Data shown below:

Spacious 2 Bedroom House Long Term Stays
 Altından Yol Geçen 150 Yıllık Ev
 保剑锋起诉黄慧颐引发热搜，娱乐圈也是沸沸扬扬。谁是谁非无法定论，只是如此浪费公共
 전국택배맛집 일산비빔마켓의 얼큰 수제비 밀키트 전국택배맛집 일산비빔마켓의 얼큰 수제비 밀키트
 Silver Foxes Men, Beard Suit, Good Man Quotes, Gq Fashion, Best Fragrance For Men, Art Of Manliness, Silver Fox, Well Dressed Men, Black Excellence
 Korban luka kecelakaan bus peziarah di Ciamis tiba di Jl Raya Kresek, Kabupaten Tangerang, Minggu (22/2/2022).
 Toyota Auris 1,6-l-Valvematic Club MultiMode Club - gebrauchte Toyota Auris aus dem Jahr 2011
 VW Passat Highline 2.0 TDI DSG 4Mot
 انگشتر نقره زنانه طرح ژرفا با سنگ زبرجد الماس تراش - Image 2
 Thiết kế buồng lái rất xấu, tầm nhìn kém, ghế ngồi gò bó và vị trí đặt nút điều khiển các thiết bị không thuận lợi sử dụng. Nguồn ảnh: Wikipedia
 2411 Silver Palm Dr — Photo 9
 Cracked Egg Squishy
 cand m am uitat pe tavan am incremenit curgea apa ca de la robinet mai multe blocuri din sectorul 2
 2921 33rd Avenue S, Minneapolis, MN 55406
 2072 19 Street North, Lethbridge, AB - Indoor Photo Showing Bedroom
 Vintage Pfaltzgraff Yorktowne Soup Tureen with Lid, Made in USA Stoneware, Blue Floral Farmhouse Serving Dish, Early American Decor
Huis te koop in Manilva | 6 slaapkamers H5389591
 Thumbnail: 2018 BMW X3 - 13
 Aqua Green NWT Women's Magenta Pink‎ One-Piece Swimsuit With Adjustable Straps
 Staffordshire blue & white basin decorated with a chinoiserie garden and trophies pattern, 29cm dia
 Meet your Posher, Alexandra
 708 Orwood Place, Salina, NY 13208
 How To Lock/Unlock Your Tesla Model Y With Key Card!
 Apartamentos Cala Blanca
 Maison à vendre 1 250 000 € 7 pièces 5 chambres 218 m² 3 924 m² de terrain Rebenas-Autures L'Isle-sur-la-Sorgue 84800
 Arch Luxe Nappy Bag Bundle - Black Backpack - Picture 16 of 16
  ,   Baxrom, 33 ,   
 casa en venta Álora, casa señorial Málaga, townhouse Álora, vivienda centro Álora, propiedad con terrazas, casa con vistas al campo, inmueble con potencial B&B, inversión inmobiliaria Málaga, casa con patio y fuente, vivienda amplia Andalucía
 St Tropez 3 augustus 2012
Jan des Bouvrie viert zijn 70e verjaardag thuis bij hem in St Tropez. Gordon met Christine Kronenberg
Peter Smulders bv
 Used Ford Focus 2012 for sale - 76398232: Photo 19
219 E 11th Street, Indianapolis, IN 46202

End of Data shown.

(Task statement)
The answer must consist of every line from the data that holds the string "Street".

(Output of the task)
 2072 19 Street North, Lethbridge, AB - Indoor Photo Showing Bedroom
219 E 11th Street, Indianapolis, IN 46202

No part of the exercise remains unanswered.